Culture / France

Quand les écrivains pour la jeunesse retournent à l'école

Temps de lecture : 5 min

Certains romanciers vont régulièrement à la rencontre des jeunes dans les écoles, pour aborder via la fiction des questions parfois subversives: le rapport à la religion par exemple.

Le 8 janvier 2015 à Paris. REUTERS/Charles Platiau
Le 8 janvier 2015 à Paris. REUTERS/Charles Platiau

«Même si ce n'est pas mon métier, c'est une activité que j'aime bien, reconnaît dans un sourire l'écrivain Karim Ressouni-Demigneux. Ca fait vivre mes livres et ça me donne le courage de continuer.»

Comme certains de ses condisciples, cet auteur-jeunesse (Je suis un gros menteur, La Cité), connu par le bouche-à-oreille dans les Salons du livre jeunesse, part volontiers se frotter aux élèves des écoles publiques (CP, CM1, CM2), pour animer des rencontres ou des ateliers d'écriture, ponctuellement ou plusieurs fois, à la faveur d'une résidence d'auteur.

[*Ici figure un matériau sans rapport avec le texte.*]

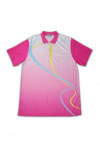 P246 Pink collar short sleeve polo shirt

Un exercice pas forcément de tout repos, même pour un militant de la littérature: «Il faut une grosse énergie pour se retrouver face à des gamins qui vous bombardent de questions du genre "Pourquoi tu écris?", "C'est vrai ce que tu racontes?"…Les profs ont travaillé avant, les gamins aussi, je n'y vais pas en dilettante il faut une grosse énergie. Et je les préviens: "Vous avez le droit de me demander tout ce que vous voulez" et moi, j'ai le droit de ne pas répondre."»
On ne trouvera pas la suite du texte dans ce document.